The Ministry of Human Resource Development (MHRD), government of India, had placed The Indian Institute of Management Bill 2015 (hereafter IIM Bill) for public opinion. Once the Bill is passed in both Houses of Parliament, the governance structure of IIMs will change. IIMs are worried that with the enactment of the new law, they will lose their 'autonomy', which will adversely impact their performance. Chairpersons of IIMA and some other IIMs have publicly opposed the proposal. There are reasons for that.
Institutions and enterprises that are established and supported by public money are instruments for achieving some socio-economic goals. Therefore, it is logical that the government should have control over those institutions. In case of institutions of higher learning like IIMs, the issue is balancing between control, and freedom and autonomy of operation.
It is widely accepted that the 'collegial system of governance' or self-governance is the most appropriate model for the governance of institutions of higher learning. The sponsor should articulate the purpose of creating the institution and provide a broad governance framework. It should distance itself to allow the institution the freedom and autonomy to pursue what it understands best. It can enforce accountability through such mechanisms as periodical review, accreditation and annual audit by an independent auditor. The governance model provided in the IIM Bill is not appropriate for the governance of IIMs.

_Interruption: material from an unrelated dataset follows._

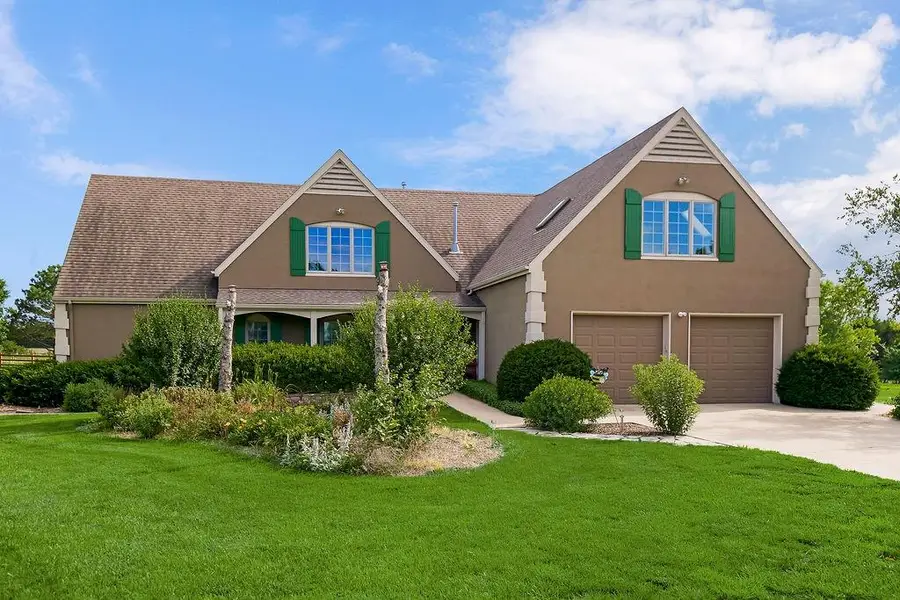 1949 900 Road, Eudora, KS 66025 - #3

The IIM Bill proposes that the board of governors (hereafter board) will be at the 'principal executive body', which will function under the oversight of the President of India, who will be the visitor. Out of the fifteen members, the government will nominate seven, directly or indirectly. The chairperson, who is the most powerful member of any board, will be appointed by the Centre. The director will be appointed by the Centre. The chairperson will nominate two faculty members. There will be two nominees of the Centre and one nominee of the state government. It will be difficult for these seven board members (almost 50 per cent of the board size) to act independently of the government. A board with so many government nominees cannot act independently.
Why should the government appoint the director? It should be the responsibility of the board, to hire the right person as the director. The board should establish a robust search and selection process. One should not be appointed as director because of his/her 'luck and networking'. Appointment by the government does not improve the appointment process. It might lead to politicisation of the same. Therefore, the government should distance itself from the search and selection of the director. Similarly, the faculty through an appropriate democratic process, for example, through election, should elect its representatives to the board.
Internal regulations formulated by the board shall require government approval before implementation. Regulations will cover, among other things, admission of candidates to various courses of study; the number of posts, emoluments and the duties and conditions of service of the academic and non-academic staff; the qualifications, classification, terms of office and method of appointment of the academic and non-academic staff; the manner of formation of departments of teaching; the fees to be charged for course of study and examinations; the establishment and maintenance of buildings; and the conditions of residence of students of the institute and levying of fees for residence in the halls and hostels and of other charges and delegation of power to the director. This shows that the government wants to micro-manage IIMs and to have 'substantive control' over those institutions. There are other provisions in the Bill that will strengthen the government control over IIMs.
It is natural that when the government assumes substantive control, it will endeavour to bring uniformity in the functioning of all IIMs. This is undesirable. Diversity leads to innovation and innovation can only lead to excellence. Each IIM should be allowed to decide its own governance mechanism, strategy, the process of executing strategy and performance parametres in its pursuit for excellence. Healthy competition among different IIMs is good.
The IIM Bill provides for the constitution of the academic council, which shall be the principal academic body. The council shall be constituted of the director, heads of departments, deans and faculty members. The functions of the academic council will be academic administration only. One may argue that even with the implementation of the new governance system, IIMs will continue to enjoy academic autonomy. This argument is not tenable.
The academic autonomy is intertwined with administrative autonomy. Strategy, including financial strategy, performance parametres, etc. all have a bearing on the choice of portfolio of activities by faculty, and thus has a bearing on academic freedom. Academic freedom is not the same as freedom for academic administration.
The IIM Bill, in its present form, will harm IIMs.